Some entries follow. Reproduce exactly the lines starting at the one with "5722 James River" and stopping after the one with "2025 LYNK&CO 03".
Start of SUPPLIED RECORDS
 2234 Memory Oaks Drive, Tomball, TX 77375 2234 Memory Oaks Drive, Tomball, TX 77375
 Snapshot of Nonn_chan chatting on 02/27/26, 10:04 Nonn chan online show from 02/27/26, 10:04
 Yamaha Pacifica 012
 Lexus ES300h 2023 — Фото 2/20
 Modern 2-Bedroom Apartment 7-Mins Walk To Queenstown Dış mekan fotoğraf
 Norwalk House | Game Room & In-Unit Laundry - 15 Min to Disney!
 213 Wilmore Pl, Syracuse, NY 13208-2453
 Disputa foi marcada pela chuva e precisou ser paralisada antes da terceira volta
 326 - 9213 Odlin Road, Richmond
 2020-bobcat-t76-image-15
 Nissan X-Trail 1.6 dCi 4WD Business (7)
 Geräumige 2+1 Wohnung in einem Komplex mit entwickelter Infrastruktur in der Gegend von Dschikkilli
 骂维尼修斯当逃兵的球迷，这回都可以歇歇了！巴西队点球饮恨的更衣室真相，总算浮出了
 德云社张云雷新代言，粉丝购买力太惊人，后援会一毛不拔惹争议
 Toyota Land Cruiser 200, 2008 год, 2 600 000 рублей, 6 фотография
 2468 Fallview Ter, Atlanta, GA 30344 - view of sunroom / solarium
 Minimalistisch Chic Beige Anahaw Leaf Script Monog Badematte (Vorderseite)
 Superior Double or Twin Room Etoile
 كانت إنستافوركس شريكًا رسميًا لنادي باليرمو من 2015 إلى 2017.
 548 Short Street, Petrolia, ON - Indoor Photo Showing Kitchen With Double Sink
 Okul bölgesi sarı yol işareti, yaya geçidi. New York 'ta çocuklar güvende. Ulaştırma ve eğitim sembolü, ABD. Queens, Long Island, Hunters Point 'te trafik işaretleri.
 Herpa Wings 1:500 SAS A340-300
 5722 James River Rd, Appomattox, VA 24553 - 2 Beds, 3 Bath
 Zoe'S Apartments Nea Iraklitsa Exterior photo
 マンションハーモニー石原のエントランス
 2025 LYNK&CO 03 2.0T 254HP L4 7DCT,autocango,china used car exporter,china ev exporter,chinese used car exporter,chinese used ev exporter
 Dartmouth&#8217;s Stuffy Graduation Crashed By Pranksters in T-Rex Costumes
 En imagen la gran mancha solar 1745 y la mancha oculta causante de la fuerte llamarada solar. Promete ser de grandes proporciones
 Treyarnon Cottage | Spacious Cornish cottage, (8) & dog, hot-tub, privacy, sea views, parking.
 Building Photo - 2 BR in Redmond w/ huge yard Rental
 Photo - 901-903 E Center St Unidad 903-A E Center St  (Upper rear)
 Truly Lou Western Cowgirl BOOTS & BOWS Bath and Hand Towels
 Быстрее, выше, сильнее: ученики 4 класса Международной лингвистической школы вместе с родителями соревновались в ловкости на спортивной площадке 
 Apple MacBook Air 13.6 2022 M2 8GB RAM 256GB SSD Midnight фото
End of SUPPLIED RECORDS
- [ANSWER SECTION]:
 5722 James River Rd, Appomattox, VA 24553 - 2 Beds, 3 Bath
 Zoe'S Apartments Nea Iraklitsa Exterior photo
 マンションハーモニー石原のエントランス
 2025 LYNK&CO 03 2.0T 254HP L4 7DCT,autocango,china used car exporter,china ev exporter,chinese used car exporter,chinese used ev exporter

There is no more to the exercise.